The equilibrium position with $M_1$ only is different from that when we have $M_1+M_2$. Even if we have oscillations around this new equilibrium position, we are never really returning to the initial state, where $M_2$ was also on the top.
Then the claim that the system would perform oscillations is based on a few assumptions that do not hold, if we analyze the physics of the processes more carefully (the list is not comprehensive):
- The force is not proportional to displacement, but rather to the inverse of it: $$PV=nkT\Rightarrow F\propto P \propto \frac{1}{V}\propto \frac{1}{l}$$
- Secondly, there will be energy transfer from the piston to the gas, which may serve as damping
Update
Isentropic description
To pinpoint the flaw in the argument presented in the Q., I will try to formulate it mathematically. If the expansion of the gas is adiabatic and isentropic, the pressure and volume are related via the Laplace law (not sure it is called this way in English though):
$$
PV^\gamma=\text{const}
$$
For convenience, let us measure the position from the bottom of the container, so that the volume is given by $V=Ax$, where $A$ is the cross-sectional area. Then, the force on the container due to the gas is
$$
F_P=PA=\frac{P_0V_0^\gamma}{V^\gamma}A=P_0A\left(\frac{x_0}{x}\right)^\gamma,
$$
and the Newton's second law for the piston is
$$
M_1\ddot{x}(t)=P_0A\left(\frac{x_0}{x}\right)^\gamma-M_1g=-\frac{dU(x)}{dx},
$$
where the potential energy is:
$$
U(x)=M_1 gx +\frac{P_0Ax_0^\gamma}{(\gamma-1)x^{\gamma -1}}.
$$
Since the motion can be described by a potential energy, which has a Unique minimum and goes to infinity for $x\rightarrow 0,+\infty$, we expect oscillations to occur (although non-linear ones), after a period of oscillations, the piston should return to its initial position $x_0$. The equilibrium position for these oscillations (zero net force) is
$$
x_{eq}=x_0\left(\frac{P_0A}{M_1 g}\right)^{\frac{1}{\gamma}}.
$$
Adiabatic $\neq$ isentropic
The invalid assumption here is that the adiabatic expansion is necessarily isentropic, which is not the case (i.e., the Laplace law does not apply.) Indeed, as the piston moves upwards, there are molecules that are moving faster than the piston, and transfer energy to it, and molecules that are moving slower and never catch it. This creates a thermodynamic disequilibrium, which means that gas should equilibrate, thus increasing its entropy. The faster the piston moves, the bigger is the violation of isentropic condition. On the other hand, the slower it moves, the less is the entropy increase, and the process becomes fully isentropic when the motion is infinitely slow... which however contradicts to our assumption that the piston returns to its initial position after a finite oscillation period.
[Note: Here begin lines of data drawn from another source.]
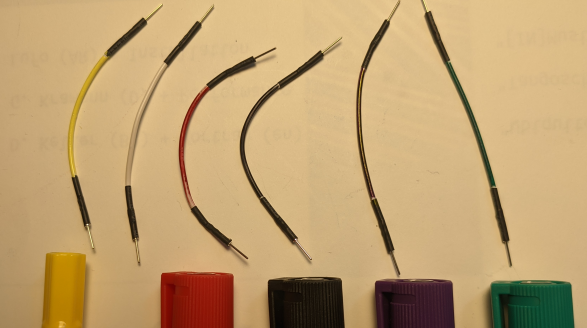 Sechs benötigte Steckboardkabel (eingefärbt).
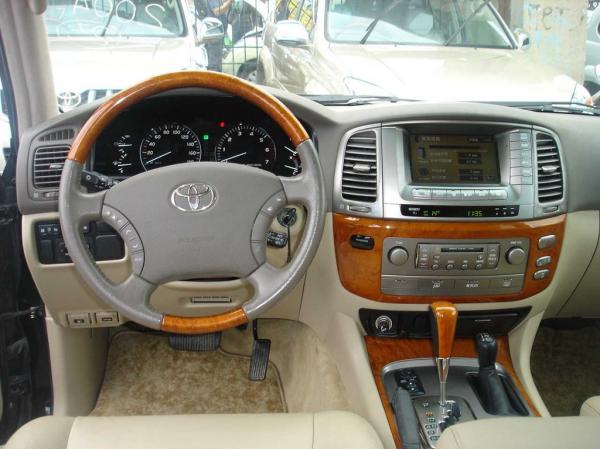 2004 Toyota Land Cruiser #1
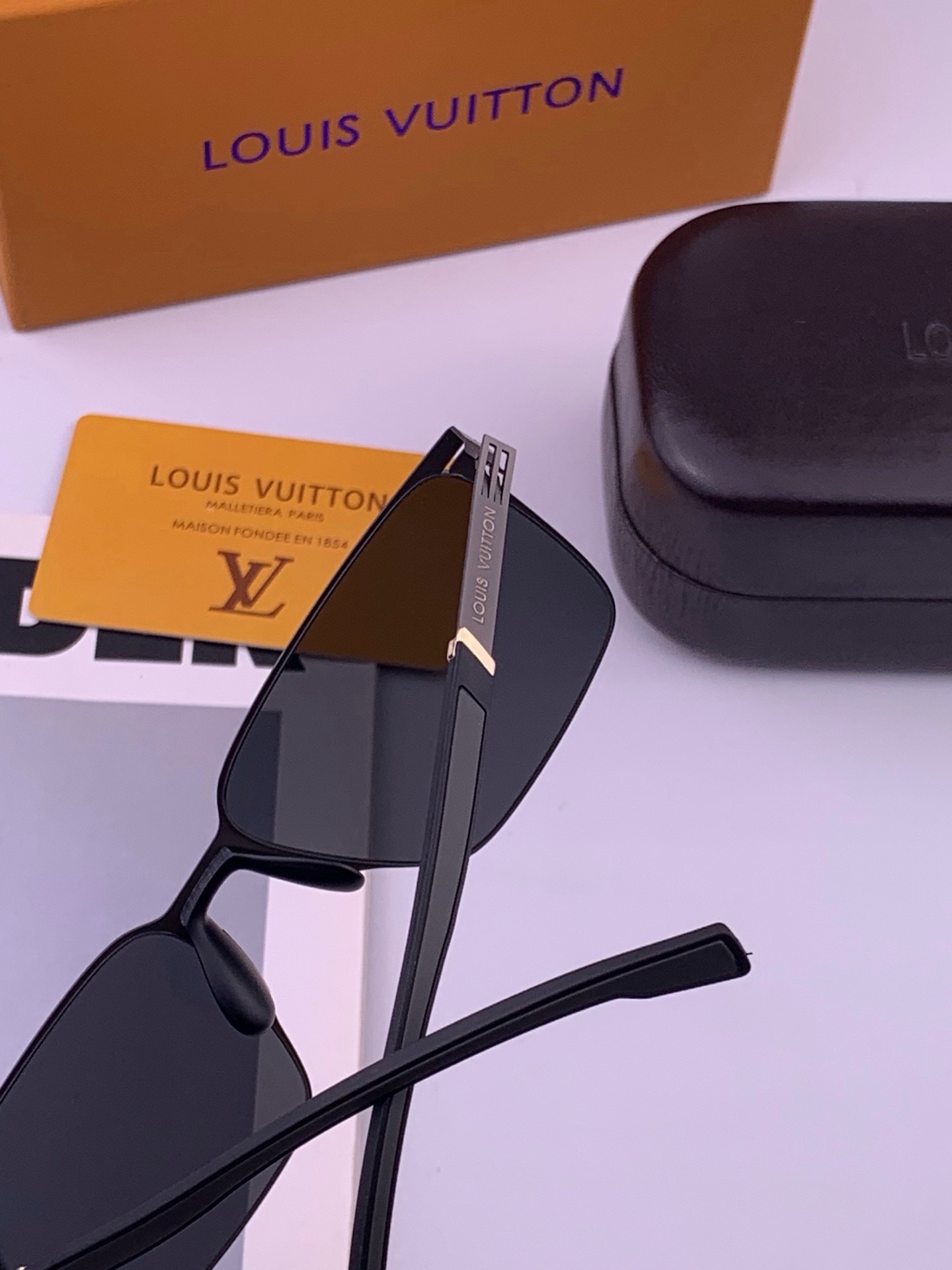 ♦️LV  新款男女情侣款太阳镜多边形墨镜iP电镀永不褪色 超轻超有弹性整幅眼镜无螺丝重要的是压不坏 高清尼龙镜片、精湛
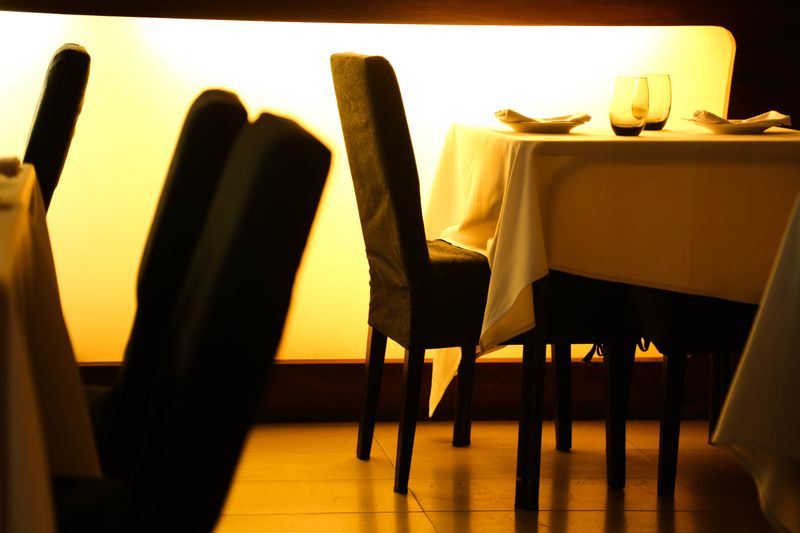 Giordanos outdoor patio seating area during warm Chicago evenings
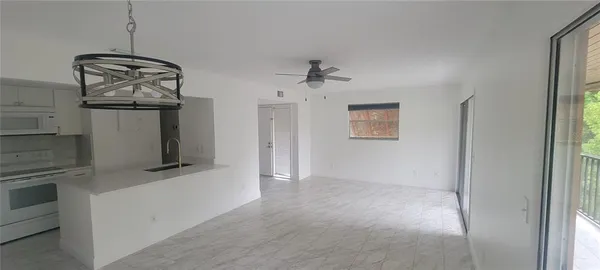 $1,600 | 100 Sweetgum Woods Court, Unit 8D, Deltona, FL 32725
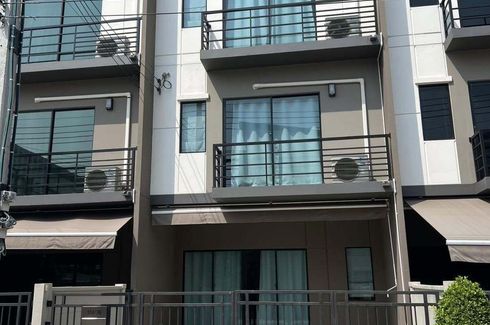 3 Bedroom House for rent in Baan Klang Muang Srinakarin-Onnut, Prawet, Bangkok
However, provided that the maximum velocity of piston is not very big, the increase of entropy after one oscillations may not be very significant, and many oscillations might happen before the piston stops moving.
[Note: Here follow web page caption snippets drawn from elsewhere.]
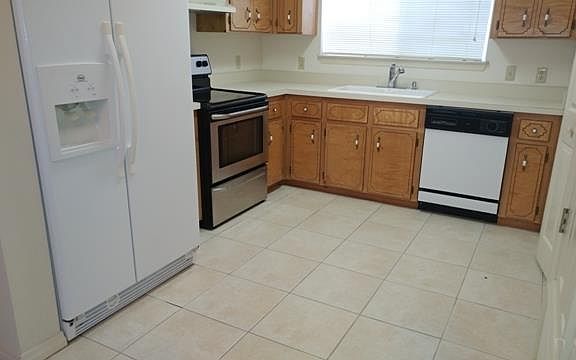 3rd image of 9219 Gulf Beach Hwy APT 2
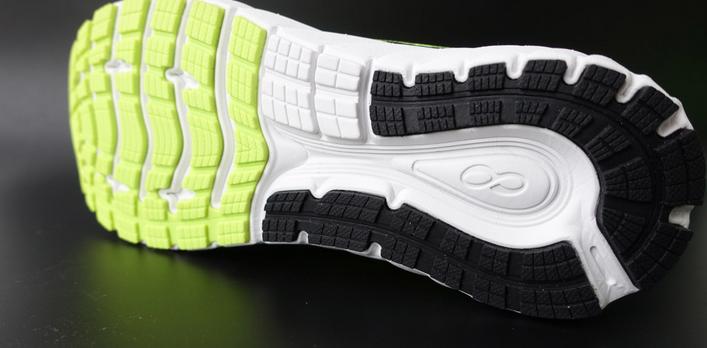 耐克回到未来鞋子18万,耐克平价aj1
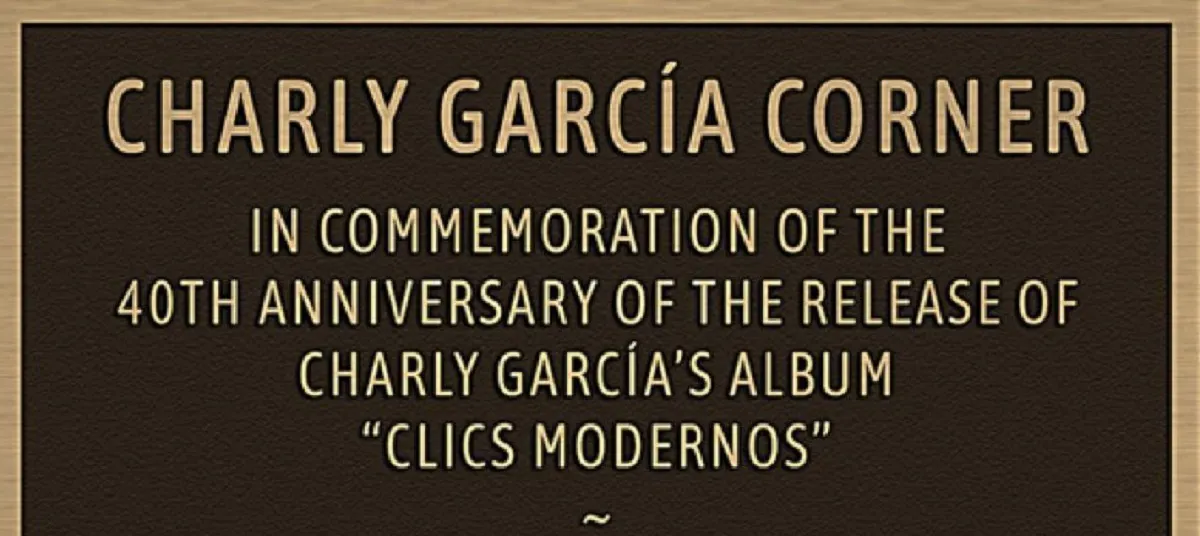 Placa "esquina" Charly Garcia en Nueva York-1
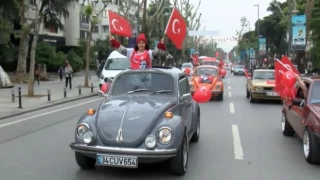 Kadıköy'de 104 klasik otomobille 104'ncü yıl konvoyu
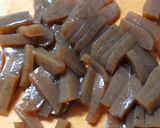 簡単ヘルシー♪なめこと蒟蒻 ワカメの煮物作り方2写真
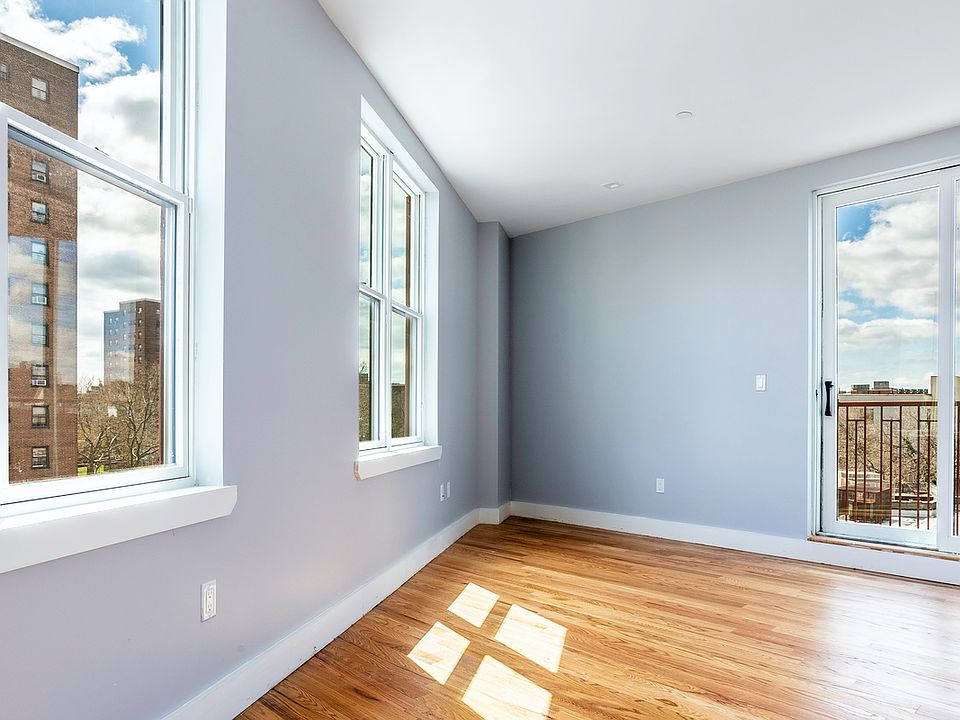 1st image of 2178 Bergen Ave #3B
Finally, we can find the position at which the piston finally stops. From the force balance we have in the beginning
$$
P_0A=(M_1+M_2)g\Longleftrightarrow P_0V_0=(M_1+M_2)gx_0=nRT_0,
$$
and in the end
$$
P_1A=M_1g\Longleftrightarrow P_1V_1=M_1gx_1=nRT_1,
$$
so that
$$
nR(T_1-T_0)=M_1gx_1 - (M_1+M_2)gx_0.
$$
On the other hand, the energy conservation gives us
$$
\frac{f}{2}nRT_0 + M_1 gx_0=\frac{f}{2}nRT_1+M_1gx_1\Longleftrightarrow nR(T_1-T_0)=\frac{2}{f}M_1(x_0-x_1)
$$
We thus have
$$
\frac{2}{f}M_1(x_0-x_1)=M_1gx_1 - (M_1+M_2)gx_0\Rightarrow\\
x_1=x_0\left(1+\frac{M_2}{M_1\gamma}\right)
$$
($\gamma=(f+2)/f$.)
Comparing this with our earlier expression
$$
x_{eq}=x_0\left(\frac{P_0A}{M_1 g}\right)^{\frac{1}{\gamma}}=
x_0\left(\frac{M_1+M_2}{M_1}\right)^{\frac{1}{\gamma}}\approx
x_0\left(1+\frac{M_2}{M_1\gamma}\right),
$$
where the last equality assumes $M_2\ll M_1$.